This is the deeper story behind my Family Dashboard project. The case study shows the product at a high level; this note focuses on what it took to make the dashboard useful in daily life for more than 18 months.
The real problem
When we relocated to Switzerland with kids, we had to relearn ordinary routines: school schedules, weather decisions, public transport timing, recycling days, activities, appointments, and everything that happens before leaving home.
The problem was not that information was unavailable. It was scattered across calendars, weather apps, transport apps, school notes, and memory. We needed the right context in the right place at the right moment.

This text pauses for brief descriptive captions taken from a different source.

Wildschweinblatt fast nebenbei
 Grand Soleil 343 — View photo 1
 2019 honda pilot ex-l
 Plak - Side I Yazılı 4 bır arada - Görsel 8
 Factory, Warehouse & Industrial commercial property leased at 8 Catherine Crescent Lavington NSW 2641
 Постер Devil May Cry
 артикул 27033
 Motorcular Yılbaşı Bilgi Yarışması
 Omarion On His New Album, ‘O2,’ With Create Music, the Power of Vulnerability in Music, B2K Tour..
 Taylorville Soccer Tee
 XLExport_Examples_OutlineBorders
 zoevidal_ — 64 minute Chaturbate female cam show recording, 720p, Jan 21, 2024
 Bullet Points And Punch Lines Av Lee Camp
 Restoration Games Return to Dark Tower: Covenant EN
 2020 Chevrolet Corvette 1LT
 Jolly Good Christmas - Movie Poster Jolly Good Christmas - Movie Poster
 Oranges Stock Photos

That is why the dashboard lives by the entrance door. It is visible exactly when someone is putting on shoes, checking whether to take an umbrella, or figuring out whether the tram leaves in 3 minutes or 13.
Product decisions that mattered
The dashboard had to be ambient, not another app to manage. It needed to be readable from a few steps away, reliable in the morning, and simple enough for kids to understand.
The strongest decisions were not visual details:
- Put the screen where decisions happen.
- Aggregate data server-side so the interface stays simple.
- Cache or degrade gracefully when external APIs fail.
- Show fewer things, but make them more relevant.
- Design for a cheap always-on device, not a powerful desktop browser.
Why self-host
I initially considered a hosted setup, but local hosting made more sense for this use case.
The dashboard runs on a Raspberry Pi, displayed on a used Kindle Fire HD. That gave me more control over local data, uptime, maintenance, and future smart-home integrations. It also forced a more practical architecture: if something breaks at 7 AM, I need to understand and fix it.
The setup:
- SvelteKit frontend
- Node.js data layer
- Raspberry Pi hosting
- Google Calendar integration
- weather and Swiss transport APIs
- custom 3D-printed wall mount
API aggregation
The first version tried to fetch too much directly from the frontend. That made loading states and errors harder than they needed to be.
The better model was a backend aggregation layer. The server gathers weather, calendar, transport, and routine data, then returns one clean response to the dashboard UI.
That pattern made the product easier to maintain. It also made failures easier to handle. When an external API changes or fails, the interface can show cached data, stale-data indicators, or partial content instead of simply going blank.
Designing for daily reliability
An always-on household product changes the design priorities. It is not enough for the interface to look right in a demo. It has to stay useful after weeks of automatic refreshes, API changes, Wi-Fi issues, and hardware limits.
The Kindle Fire constraint was especially useful. Weather animations had to be efficient enough not to slow the device down over time. The final approach uses a limited set of animation elements that can be reused instead of constantly creating expensive effects.
The lesson was clear: constraints made the product better. A cheap display forced better performance, simpler states, and a more disciplined interface.
Family user testing
The dashboard is used by people with different priorities. I care about transport timing and work events. My wife cares about school routines and family logistics. Our kids need visual cues they can understand without reading every label.
Internationalization was also more than translation. Supporting English and Russian meant dealing with different wording, typography, and assumptions about what information matters first.
This is where the project became more than a technical exercise. It forced real product judgment: what should be visible, what should be hidden, what should be local, and what should be understandable at a glance.
What changed at home
After 18+ months, the dashboard became part of our household routine.
It helped reduce morning stress, gave our kids more independence, and made our transition to Swiss life smoother. The product works because it is built around a real recurring decision point, not because it has many features.
The most useful part is still simple: shared context, always visible, exactly where we need it.
What I would do earlier next time
I would add basic health checks from day one. When a family depends on something every morning, you need to know when data is stale or a service is down before someone asks why the screen is wrong.
I would also formalize API adapters earlier. External services change. A small adapter layer is cheaper than letting each UI component learn every provider’s quirks.
Why this matters for product work
Family Dashboard is a personal project, but it proves the same pattern I care about in professional work: a useful product starts with system understanding.
The system here included family routines, transport timing, weather, school schedules, hardware limits, APIs, languages, and the physical location of the screen. The interface only worked after those constraints were understood.
That is the same shape of problem I enjoy most: turn a messy technical and human system into something people can trust and use.